By comparison, the base 4k GPT-3.5 Turbo model costs $0.0015 per 1,000 tokens input and $0.002 per 1,000 tokens output, so the fine-tuned model is about eight times more expensive to run. And while GPT-4’s 8K context model is also cheaper at $0.03 per 1,000 tokens input and $0.06 per 1,000-token output, OpenAI still claims that money can be saved due to the reduced need for prompting in the fine-tuned model. It’s a stretch, but in narrow cases, it may apply.
Even at a cost, teaching GPT-3.5 about custom documents may be well worth the price for some folks—if you can keep the model from making stuff up about it. Customizing is one thing, but trusting the accuracy and reliability of GPT-3.5 Turbo outputs in a production environment is another matter entirely. GPT-3.5 is well-known for its tendency to confabulate information.
Regarding data privacy, OpenAI notes that, as with all of its APIs, data sent in and out of the fine-tuning API is not used by OpenAI (or anyone else) to train AI models.
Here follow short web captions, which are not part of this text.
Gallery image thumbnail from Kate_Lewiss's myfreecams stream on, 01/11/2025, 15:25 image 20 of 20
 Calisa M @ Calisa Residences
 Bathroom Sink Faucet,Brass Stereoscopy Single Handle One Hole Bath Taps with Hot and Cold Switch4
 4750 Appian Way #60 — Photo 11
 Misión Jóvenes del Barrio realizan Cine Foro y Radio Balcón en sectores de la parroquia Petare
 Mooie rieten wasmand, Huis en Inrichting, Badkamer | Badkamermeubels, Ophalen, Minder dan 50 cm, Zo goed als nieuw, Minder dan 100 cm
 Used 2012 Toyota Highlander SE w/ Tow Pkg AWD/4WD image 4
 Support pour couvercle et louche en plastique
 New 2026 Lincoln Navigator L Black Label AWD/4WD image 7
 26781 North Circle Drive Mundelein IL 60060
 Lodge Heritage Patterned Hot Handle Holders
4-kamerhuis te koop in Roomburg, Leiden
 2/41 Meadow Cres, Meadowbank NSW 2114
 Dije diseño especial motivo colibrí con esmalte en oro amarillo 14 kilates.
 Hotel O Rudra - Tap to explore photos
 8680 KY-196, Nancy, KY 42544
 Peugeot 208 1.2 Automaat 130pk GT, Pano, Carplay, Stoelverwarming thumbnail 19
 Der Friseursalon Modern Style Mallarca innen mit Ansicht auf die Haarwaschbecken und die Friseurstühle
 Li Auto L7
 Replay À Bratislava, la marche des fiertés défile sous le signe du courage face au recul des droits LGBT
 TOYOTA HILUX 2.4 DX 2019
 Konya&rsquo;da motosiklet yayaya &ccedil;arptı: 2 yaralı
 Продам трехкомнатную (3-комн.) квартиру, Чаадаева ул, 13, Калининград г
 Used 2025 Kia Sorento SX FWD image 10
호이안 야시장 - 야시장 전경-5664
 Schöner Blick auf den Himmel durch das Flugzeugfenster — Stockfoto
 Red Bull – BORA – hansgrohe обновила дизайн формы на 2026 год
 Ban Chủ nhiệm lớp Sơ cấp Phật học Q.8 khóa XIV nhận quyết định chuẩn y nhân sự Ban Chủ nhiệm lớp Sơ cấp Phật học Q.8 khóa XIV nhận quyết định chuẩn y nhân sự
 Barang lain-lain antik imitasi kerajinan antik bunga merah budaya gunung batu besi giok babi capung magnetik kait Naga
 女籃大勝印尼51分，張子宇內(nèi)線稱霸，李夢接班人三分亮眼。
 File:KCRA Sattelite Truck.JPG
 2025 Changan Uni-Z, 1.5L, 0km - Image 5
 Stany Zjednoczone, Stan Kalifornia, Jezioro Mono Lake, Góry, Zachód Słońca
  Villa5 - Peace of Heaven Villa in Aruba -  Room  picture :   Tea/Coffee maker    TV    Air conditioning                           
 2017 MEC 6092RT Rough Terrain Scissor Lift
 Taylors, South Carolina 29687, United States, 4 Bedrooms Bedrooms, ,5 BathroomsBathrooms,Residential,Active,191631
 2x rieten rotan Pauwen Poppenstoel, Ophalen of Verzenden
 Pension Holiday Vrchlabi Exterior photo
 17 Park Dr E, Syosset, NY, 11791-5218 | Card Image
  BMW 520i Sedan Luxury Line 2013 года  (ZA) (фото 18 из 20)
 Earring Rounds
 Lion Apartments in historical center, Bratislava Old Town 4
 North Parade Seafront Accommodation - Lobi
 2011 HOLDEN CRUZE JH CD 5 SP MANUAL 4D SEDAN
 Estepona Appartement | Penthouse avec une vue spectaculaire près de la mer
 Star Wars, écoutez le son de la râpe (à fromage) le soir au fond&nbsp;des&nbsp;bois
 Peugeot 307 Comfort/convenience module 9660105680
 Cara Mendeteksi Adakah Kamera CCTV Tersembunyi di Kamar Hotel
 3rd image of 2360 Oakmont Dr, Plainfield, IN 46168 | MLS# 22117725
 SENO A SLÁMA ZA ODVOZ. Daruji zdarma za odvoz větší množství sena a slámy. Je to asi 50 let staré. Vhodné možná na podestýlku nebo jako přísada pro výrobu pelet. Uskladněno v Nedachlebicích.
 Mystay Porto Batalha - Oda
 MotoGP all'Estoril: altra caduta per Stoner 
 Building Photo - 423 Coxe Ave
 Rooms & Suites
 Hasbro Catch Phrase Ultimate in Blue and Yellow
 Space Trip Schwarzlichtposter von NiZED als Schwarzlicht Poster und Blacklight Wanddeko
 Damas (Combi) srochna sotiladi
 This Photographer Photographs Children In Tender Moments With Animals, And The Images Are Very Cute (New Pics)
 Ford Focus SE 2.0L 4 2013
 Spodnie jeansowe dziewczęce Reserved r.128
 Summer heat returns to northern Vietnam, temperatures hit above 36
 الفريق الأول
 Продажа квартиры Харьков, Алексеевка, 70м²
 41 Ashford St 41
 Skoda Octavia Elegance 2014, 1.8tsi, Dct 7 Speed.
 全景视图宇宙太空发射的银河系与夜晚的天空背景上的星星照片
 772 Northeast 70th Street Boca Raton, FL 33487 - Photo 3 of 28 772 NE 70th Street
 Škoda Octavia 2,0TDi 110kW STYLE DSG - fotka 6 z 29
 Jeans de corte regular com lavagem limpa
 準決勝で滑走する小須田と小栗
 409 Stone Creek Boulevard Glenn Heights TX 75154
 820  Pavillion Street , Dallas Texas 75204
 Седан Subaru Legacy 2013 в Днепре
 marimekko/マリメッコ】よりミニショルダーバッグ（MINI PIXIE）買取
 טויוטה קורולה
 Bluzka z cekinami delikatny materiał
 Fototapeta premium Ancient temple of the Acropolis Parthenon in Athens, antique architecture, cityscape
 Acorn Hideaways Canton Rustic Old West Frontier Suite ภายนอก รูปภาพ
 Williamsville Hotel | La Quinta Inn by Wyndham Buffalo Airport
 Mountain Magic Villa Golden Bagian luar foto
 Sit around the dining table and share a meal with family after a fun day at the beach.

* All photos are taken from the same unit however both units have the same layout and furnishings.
Interestingly, OpenAI will send all customer fine-tuning training data through GPT-4 for moderation purposes using its recently announced moderation API. That may account for some of the cost of using the fine-tuning service.
And if 3.5 isn’t good enough for you, OpenAI says that fine-tuning for GPT-4 is coming this fall. From our experience, that GPT-4 doesn’t make things up as much, but fine-tuning that model (or the rumored 8 models working together under the hood) will likely be far more expensive.